John Kerry landed at Ben Gurion Airport despite the FAA flight ban.

24/07/2014, 16:31, Korin-Lieber, Globes
President Barack Obama is the supreme commander of the US Federal Aviation Administration (FAA), which suspended flights to Israel Tuesday night, extended to Thursday morning (in the middle of the night, Eastern Standard Time).

Was this due to an aviation risk? An anxiety attack? A hasty clerical decision? Was it bureaucracy, technocracy, or the politics of threats? US law grants the FAA the authority to make decisions in professional matters. It usually confines itself to giving "advice" that amounts to a professional recommendation. This week, it issued a notice to airmen to refrain from landing in Israel. In a press release, FAA spokesperson Kristie Greco wrote that the decision was a response to the rocket that fell less than 1 km from Ben Gurion Airport. She was referring to the rocket that fell in Yehud.
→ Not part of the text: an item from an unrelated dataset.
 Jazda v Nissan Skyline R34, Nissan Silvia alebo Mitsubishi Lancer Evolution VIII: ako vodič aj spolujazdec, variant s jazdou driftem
The instruction, however, was issued without checking the actual distance between the airport runways and where the rocket fell in Yehud. The official claim raised in the intensive talks conducted by Minister of Transport Yisrael Katz and Israel Civil Aviation Authority director Giora Romm was that the step was an automatic clerical measure that met the terms for authorization, with no ulterior motives. On Wednesday, the following day, while the ban and risk were in force, US Secretary of State John Kerry landed at Ben Gurion Airport.

If a major US agency says the risk is clear, how did senior US security personnel allow him and themselves to land there? If the flight risk was so clear cut, how could major airlines like British Airways and Aeroflot continue their routine flights to Israel? This is where we get to the hot potato on which Israeli senior politicians are unwilling to be quoted on the record: whether there was political involvement in the decision.
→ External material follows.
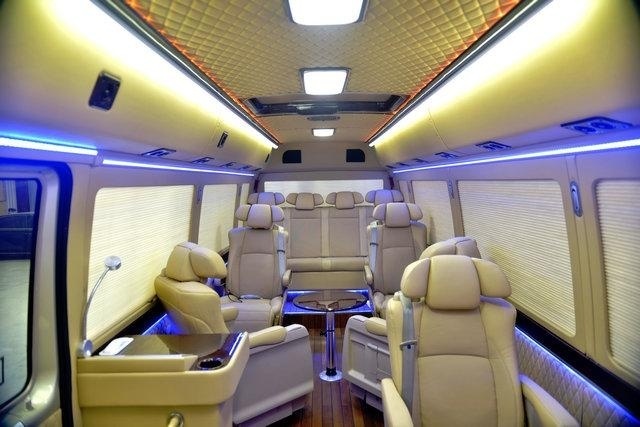 请问是如何做到的？不错的一款普通大巴车，成了领导出门首选！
It is believed that the decision was originally a hasty and unchecked clerical response. The later extension of the ban, however, was obviously politically motivated. 

Senator Ted Cruz (Rep., Texas) referred to this when he recently said, "The facts suggest that President Obama has just used a federal regulatory agency to launch an economic boycott on Israel, in order to try to force our ally to comply with his foreign-policy demands."